2 Plan the resolution: clarity is key
Once you’ve created rules, you need to know how and who will deal with alerts: you need to eliminate uncertainty between IT security and IoT/OT teams – who is responsible for investigating abnormal events? Organise workflows that allow tier one analysts to handle most IoT/OT incidents but that bring in specialised IoT/OT security experts to investigate when needed. 

So, if PLC code has changed, an analyst checks if a programming device is an authorised engineering workstation and the change happened during normal hours or a scheduled change window. If not, the workflow ensures that a rogue workstation from the network is blocked or disconnected.

3 Training and sharing intelligence
Having the right knowledge about how IoT/OT environments work is critical for SOC analysts as they can have more productive conversations with IoT/OT personnel when resolving incidents and can deploy the relevant remedial actions within such environments without harming those operations.

4 Rising to the challenge of securing IoT/OT endpoints
CISOs are increasingly accountable not only for IT but also IoT/OT security. While IoT/OT staff’s primary objective is to maintain their control network’s availability and integrity, IT security teams’ main task is to maintain the confidentiality of sensitive data.

The key to success is to align IT and IoT/OT teams so they collaborate effectively and have well-defined roles and responsibilities. This means that organisations need to strengthen IoT/OT security and ensure that the right policies and procedures are in place to help in monitoring and securing IoT/OT environments.

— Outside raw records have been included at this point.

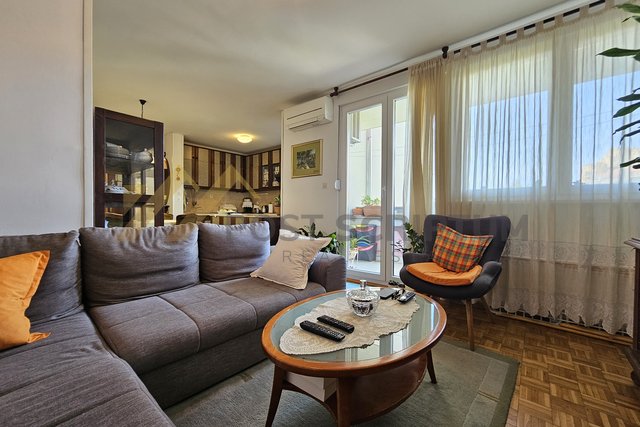 MERTOJAK, NEAT AND MAINTAINED THREE BEDROOM APARTMENT, PARK VIEW
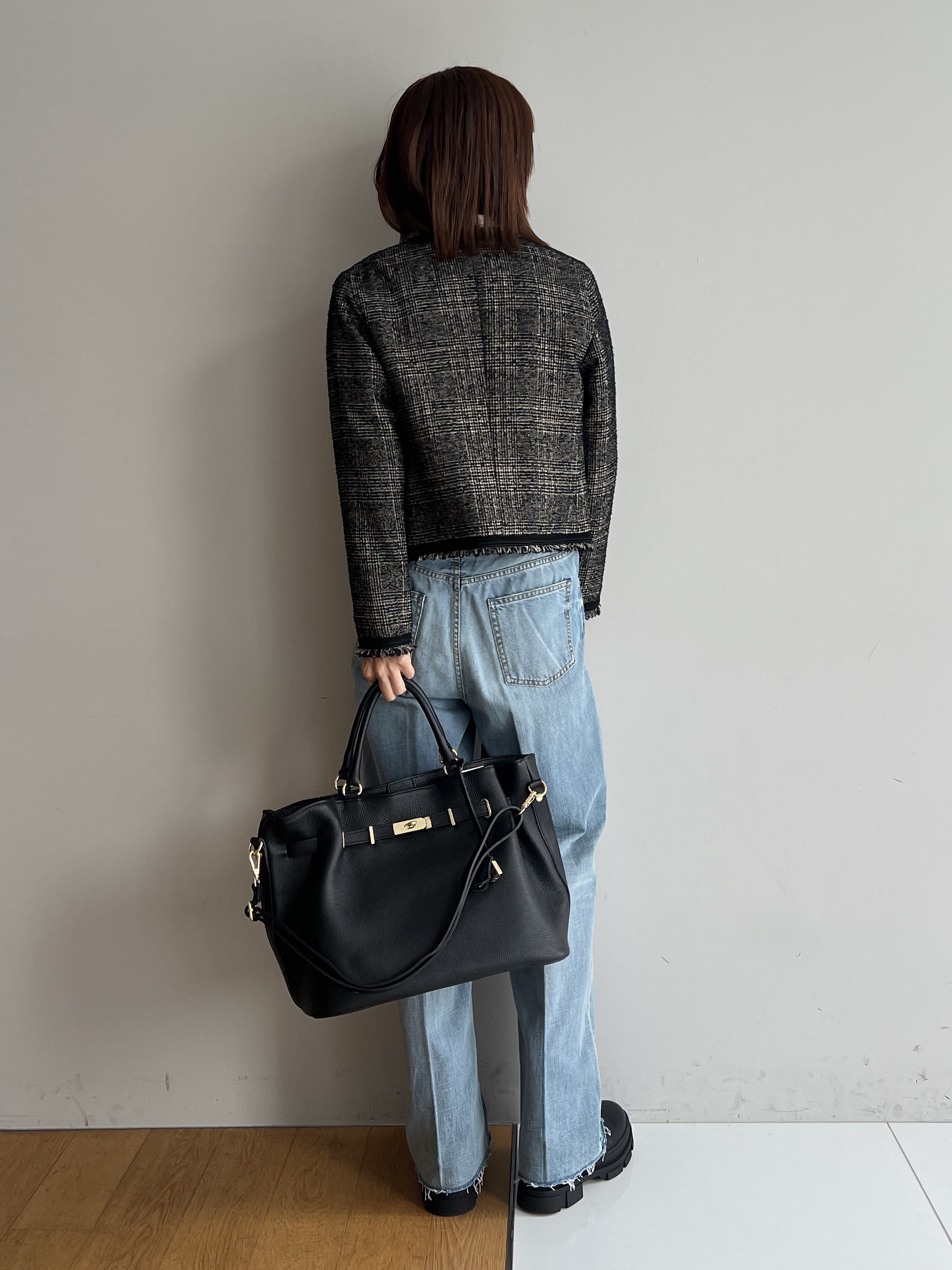 misaさんの「DRESSTERIOR｜センタープレス ワイドストレートデニム」を使ったコーディネート
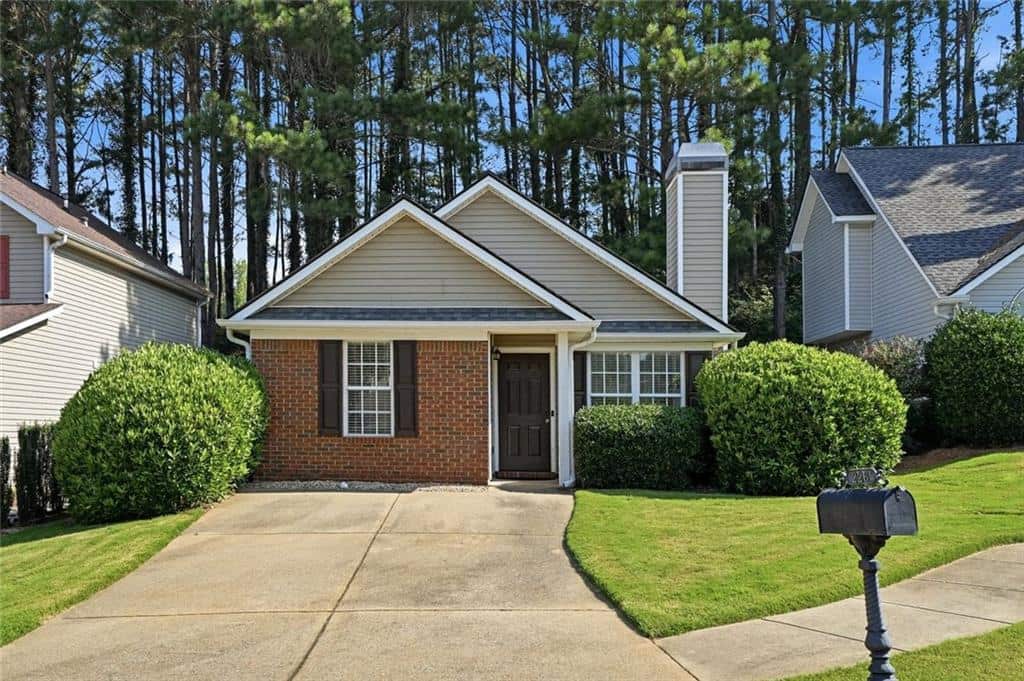 Listing photo 1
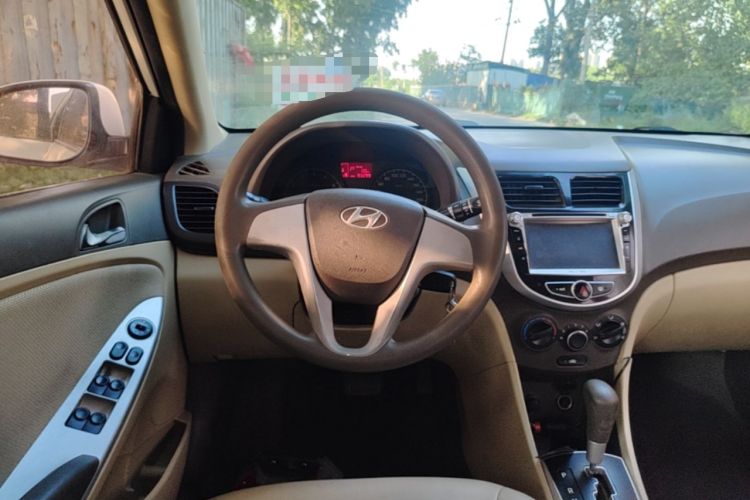 Used Hyundai Verna (older generation) 2014 1.4L Automatic Smart GLS Steering Wheel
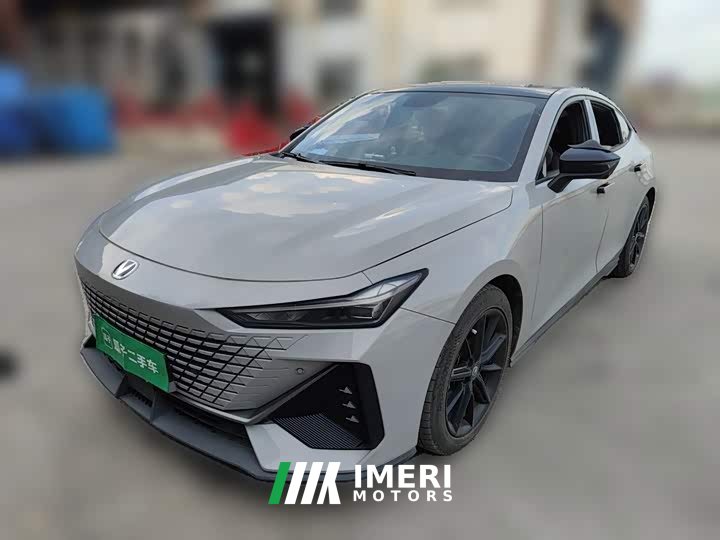 Changan UNI-V 1.5T Premium Version - автомобиль из Китая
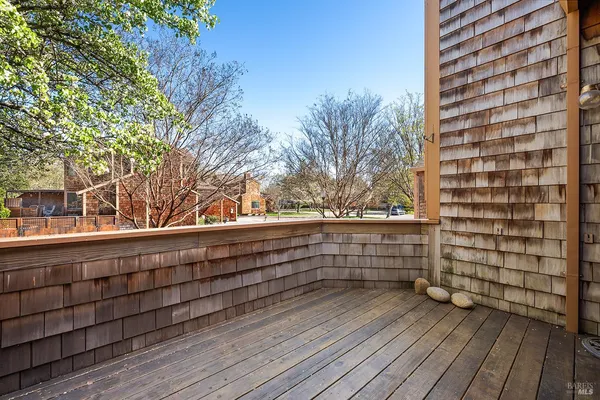 $665,000 | 9239 Lakewood Drive, Windsor, CA 95492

An example of this is implementing a Zero Trust strategy to secure corporate and customer data. The implementation focuses on strong user identity, device health verification, validation of app health, and least-privilege access to resources and services.

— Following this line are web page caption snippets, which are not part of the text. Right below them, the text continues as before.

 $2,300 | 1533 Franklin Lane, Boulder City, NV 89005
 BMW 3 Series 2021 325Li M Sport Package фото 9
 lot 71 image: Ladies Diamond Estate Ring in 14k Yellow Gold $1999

5 Use the right tools at the right time
The technologies required to create a functioning SIEM need to be agile, robust, responsive and trustworthy.

Microsoft Defender for IoT, formerly Azure Defender for IoT, is part of Microsoft’s wider SIEM and XDR offering, that can deliver security for all endpoint types, applications, identities, and more. It offers the same types of device discovery, vulnerability management, threat detection, response, and other capabilities for enterprise IoT devices that were previously only available for managed endpoints and OT devices. 

Using Microsoft Defender for IoT enables organisations to gain visibility and insights to address complex multi-stage attacks that specifically take advantage of IoT and OT devices.